The ‘url’ property is a web page which contains the source, whether directly or indirectly. There is no expecation that automated processing can do anything with the resource at this location, for example we don’t expect to be able to automatically infer the image URL for a scanned image, but it acts as a target for a ‘more details’ link within the reader. It may also be the only option for resources which disallow deep links into their actual content or for where there is no valid URL for the granularity of data we want (for example we might have an annotation on the entire text linking to the top level page for a transcription service in cases where the service doesn’t allow for links to individual pages of a transcribed book).

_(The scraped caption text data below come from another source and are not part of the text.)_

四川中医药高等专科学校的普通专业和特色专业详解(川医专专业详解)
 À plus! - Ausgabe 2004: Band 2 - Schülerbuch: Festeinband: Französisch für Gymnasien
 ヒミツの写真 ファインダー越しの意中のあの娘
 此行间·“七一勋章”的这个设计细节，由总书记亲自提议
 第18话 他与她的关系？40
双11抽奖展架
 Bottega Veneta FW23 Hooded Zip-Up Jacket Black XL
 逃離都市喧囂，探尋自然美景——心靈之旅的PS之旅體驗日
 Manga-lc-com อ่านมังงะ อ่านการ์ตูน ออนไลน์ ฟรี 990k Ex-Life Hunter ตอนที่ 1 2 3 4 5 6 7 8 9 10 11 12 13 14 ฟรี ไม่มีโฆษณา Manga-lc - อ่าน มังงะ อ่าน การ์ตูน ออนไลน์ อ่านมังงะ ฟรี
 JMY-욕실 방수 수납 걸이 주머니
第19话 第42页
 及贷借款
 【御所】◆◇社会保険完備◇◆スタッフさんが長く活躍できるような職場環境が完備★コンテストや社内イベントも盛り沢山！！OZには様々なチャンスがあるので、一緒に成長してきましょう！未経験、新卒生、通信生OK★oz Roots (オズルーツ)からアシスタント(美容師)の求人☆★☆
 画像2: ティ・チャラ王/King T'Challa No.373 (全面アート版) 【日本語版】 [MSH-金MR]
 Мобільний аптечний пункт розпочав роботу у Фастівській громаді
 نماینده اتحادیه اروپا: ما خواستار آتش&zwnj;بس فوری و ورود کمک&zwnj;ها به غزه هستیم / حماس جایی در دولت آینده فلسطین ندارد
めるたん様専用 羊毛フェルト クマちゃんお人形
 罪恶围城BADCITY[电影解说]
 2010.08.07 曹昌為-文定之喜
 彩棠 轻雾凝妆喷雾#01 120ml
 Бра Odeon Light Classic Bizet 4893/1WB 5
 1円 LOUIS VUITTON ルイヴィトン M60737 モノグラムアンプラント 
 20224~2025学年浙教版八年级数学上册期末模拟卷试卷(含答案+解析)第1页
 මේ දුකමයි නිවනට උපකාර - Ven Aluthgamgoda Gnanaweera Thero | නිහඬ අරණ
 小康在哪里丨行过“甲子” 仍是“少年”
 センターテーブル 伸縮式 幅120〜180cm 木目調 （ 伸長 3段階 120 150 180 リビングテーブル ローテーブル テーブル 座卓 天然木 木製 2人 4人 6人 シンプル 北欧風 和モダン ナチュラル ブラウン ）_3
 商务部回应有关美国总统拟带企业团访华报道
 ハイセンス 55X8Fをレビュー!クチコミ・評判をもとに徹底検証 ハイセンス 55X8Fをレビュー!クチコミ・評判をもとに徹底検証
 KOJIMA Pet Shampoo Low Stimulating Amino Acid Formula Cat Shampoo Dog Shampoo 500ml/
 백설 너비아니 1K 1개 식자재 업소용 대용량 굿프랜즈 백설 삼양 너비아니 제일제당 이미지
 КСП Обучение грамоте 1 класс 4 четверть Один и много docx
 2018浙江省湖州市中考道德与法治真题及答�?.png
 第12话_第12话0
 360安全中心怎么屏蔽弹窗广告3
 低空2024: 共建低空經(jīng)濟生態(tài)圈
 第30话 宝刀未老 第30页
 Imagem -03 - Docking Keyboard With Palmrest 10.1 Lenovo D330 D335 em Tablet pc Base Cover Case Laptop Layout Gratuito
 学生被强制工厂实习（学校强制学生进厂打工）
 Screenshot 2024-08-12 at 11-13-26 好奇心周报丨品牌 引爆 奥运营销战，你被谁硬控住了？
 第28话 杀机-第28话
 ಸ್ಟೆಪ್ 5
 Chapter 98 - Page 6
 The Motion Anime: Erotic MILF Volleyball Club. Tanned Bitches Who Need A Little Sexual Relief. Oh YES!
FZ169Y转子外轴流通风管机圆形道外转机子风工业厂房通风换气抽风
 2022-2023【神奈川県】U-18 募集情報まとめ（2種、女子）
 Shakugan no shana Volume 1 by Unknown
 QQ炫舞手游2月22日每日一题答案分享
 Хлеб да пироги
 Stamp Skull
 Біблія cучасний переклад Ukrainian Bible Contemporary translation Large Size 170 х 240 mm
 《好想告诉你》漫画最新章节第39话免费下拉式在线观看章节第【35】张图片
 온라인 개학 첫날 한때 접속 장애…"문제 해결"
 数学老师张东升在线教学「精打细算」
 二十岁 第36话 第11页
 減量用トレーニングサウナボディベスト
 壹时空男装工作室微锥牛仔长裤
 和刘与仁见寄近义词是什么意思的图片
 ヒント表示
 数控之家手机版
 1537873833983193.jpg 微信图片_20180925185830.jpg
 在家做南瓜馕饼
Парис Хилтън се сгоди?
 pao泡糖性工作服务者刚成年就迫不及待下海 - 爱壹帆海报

The ‘type’ can be either of the following, and influences the interpretation of the optional ‘data-url’:

  • textus:scanned-image : The data-url, if present, references an image resource containing a scan or photograph of a physical book, manuscript etc from which the annotated text is transcribed. The data-url should reference a resource with MIME type image/*.
  • textus:audio : The data-url, if present, references an audio resource from which the annotated text has been transcribed. The data-url should reference a resource with MIME type audio/*.

This set may be expanded in the future.


Scenes are entities within a dramatic text distinguished by a place, a time and a set of actors (in the ‘things which cause effects’ rather than ‘people wearing costumes’ sense). All properties are free text, to make these annotations meaningful care should be taken to sensibly normalise e.g. names of characters such that a free text comparison works at a semantic level.

javascript "type" : "textus:scene", "payload" : { "name" : "Scene III", // Optional - indices within parent used if absent "place" : "A spooky wood", "time" : "Just before midnight", "actors" : [ "Frightened rabbit", "Scarecrow" ] }


Letters have an author or authors, a date and a recipient or set of recipients. They may also have a title which can be used as a name when displaying the marker but do not require such - when there is no title a marker of this kind should be displayed using the author, recipient and date fields. Dates are represented as YYYY-MM-DD, with the optional ‘date-name’ property used when this should be overridden for display purposes (we keep a formal date representation to simplify querying by date range).

javascript "type" : "textus:letter", "payload" : { "title" : "On Being Liberated from the Bastille", // Optional - title inferred from other fields if absent "authors" : [ "Voltaire" ], "recipients" : [ "the Lieutenant of Police" ], "date" : "1718-04-05", "date-name" : "Good Friday, April 5, 1718" }

Structure Marker Types

Structure markers overlap to a degree with semantic annotations, in the both are used to interpret the text to which they apply. Markers may also contain inlined semantic annotations, some of which will be particularly appropriate (i.e. the textus:letter marker containing the letter semantic annotation described above).

  • textus:front : A preface or prologue to the main content of the text
  • textus:back : An epilogue, appendix or similar
  • textus:body : The primary content of the text
  • textus:book : A book, the precise definition of which is somewhat ambiguous (for example some physical books have multiple ‘books’ within them, most notably the bible)
  • textus:chapter : A chapter (prose)
  • textus:section : A section (prose)
  • textus:part : A part or sub-section (prose)
  • textus:canto : Used for verse
  • textus:act : Used for dramatic texts
  • textus:stanza (verse)
  • textus:paragraph (all)
  • textus:scene : A scene in a dramatic work, use in conjunction with the scene semantic metadata block.
  • textus:letter : A single piece of correspondance, use in conjunction with the letter semantic metadata block.